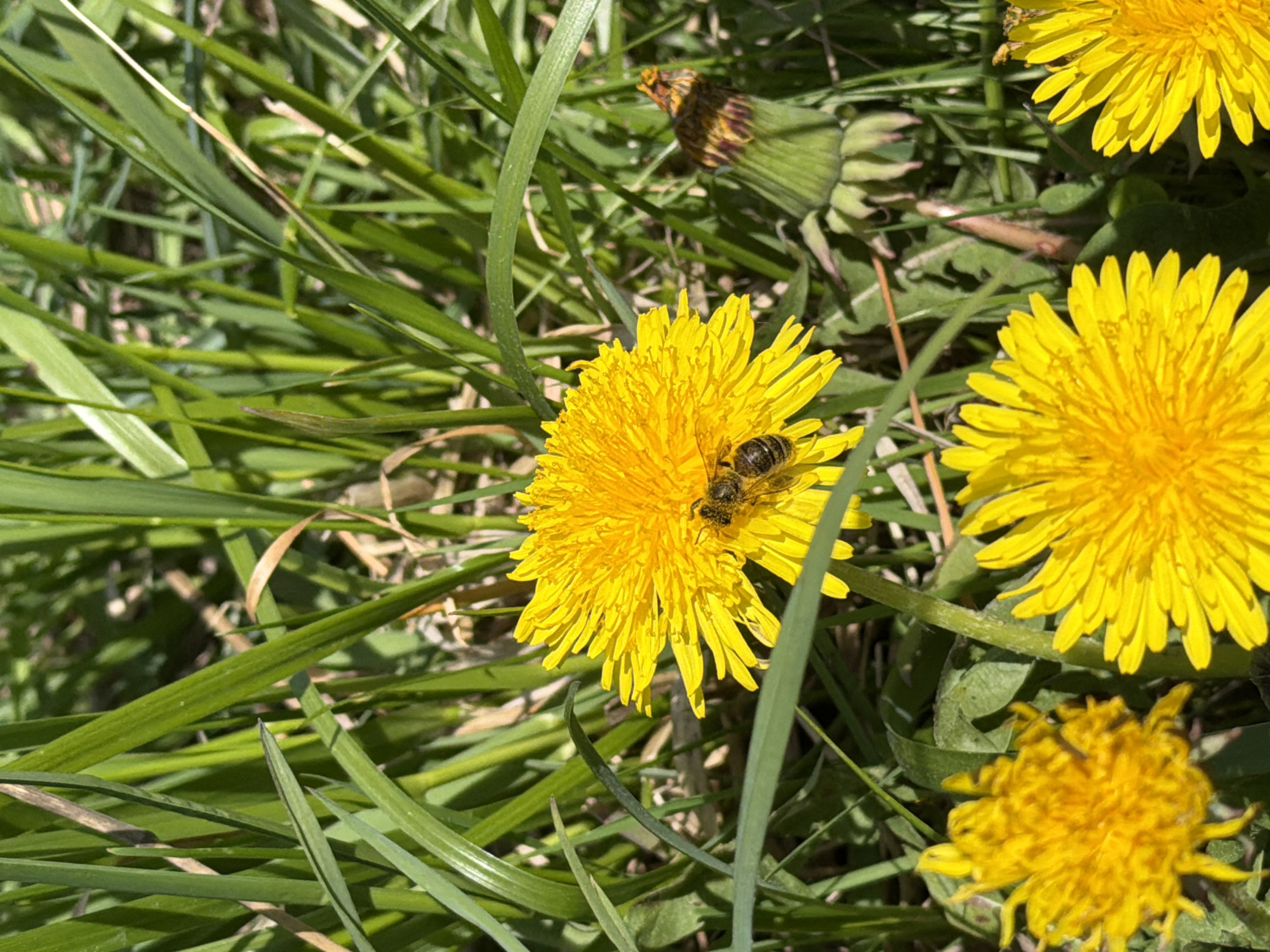 The scene appears to be an unmanicured area of grass interspersed with dandelions. The location, Tokkari-Lend, Russia, is not verifiable from the image. The foreground is dominated by blades of green grass, some slightly browned. Amidst the grass, there are four dandelions in various stages of bloom. The main dandelion, centrally positioned, features a bee on its flower head. Two other dandelions are also in full bloom, their yellow petals prominent. One dandelion is a spent flower head with the developing seed ball exposed. The environmental conditions seem to indicate a sunny day.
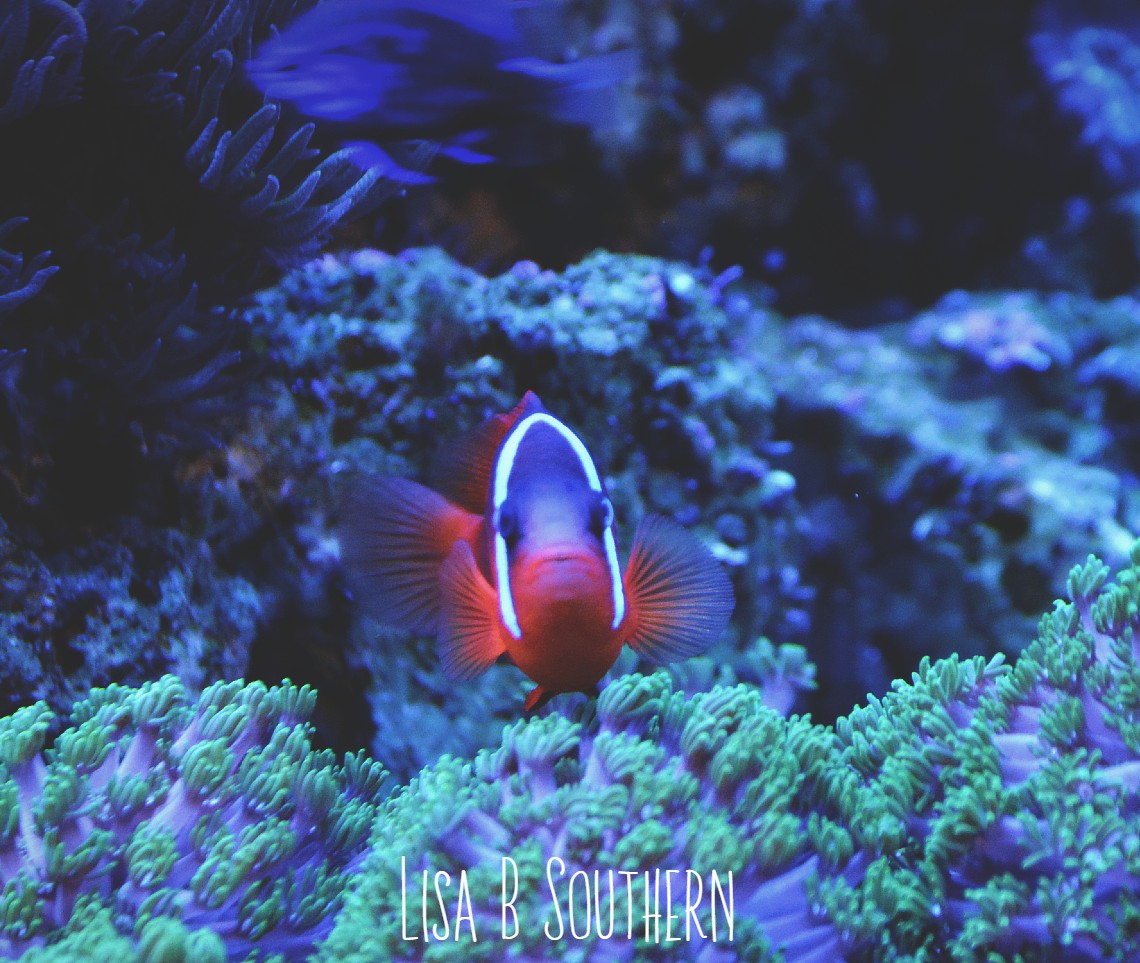 Tomato Clownfish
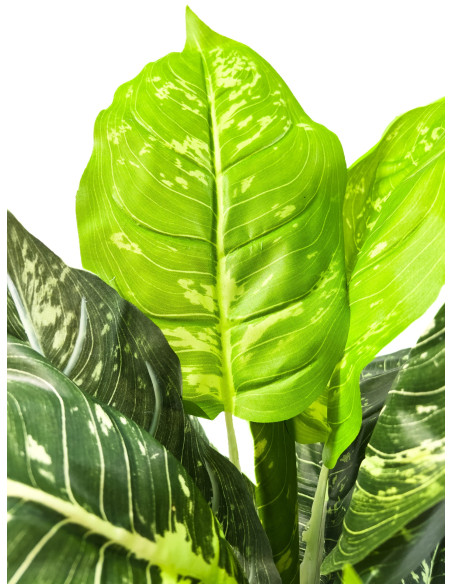 Compra Planta artificial Nieve Tropical 55cm en DKO Home. Diseño decorativo, moderno y funcional para tu hogar. ¡Envío rápido di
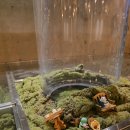 베얼스이얼스(Bear's ears) | 감각적인 카페 부산 남포동 디저트 카페 베얼스이얼스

• [About this exercise]: No picture is to be included when the lines from the one containing "Compra Planta artificial" through the end of the material above are output exactly; nothing else is written.

• [Result of this exercise]:
 Compra Planta artificial Nieve Tropical 55cm en DKO Home. Diseño decorativo, moderno y funcional para tu hogar. ¡Envío rápido di
 베얼스이얼스(Bear's ears) | 감각적인 카페 부산 남포동 디저트 카페 베얼스이얼스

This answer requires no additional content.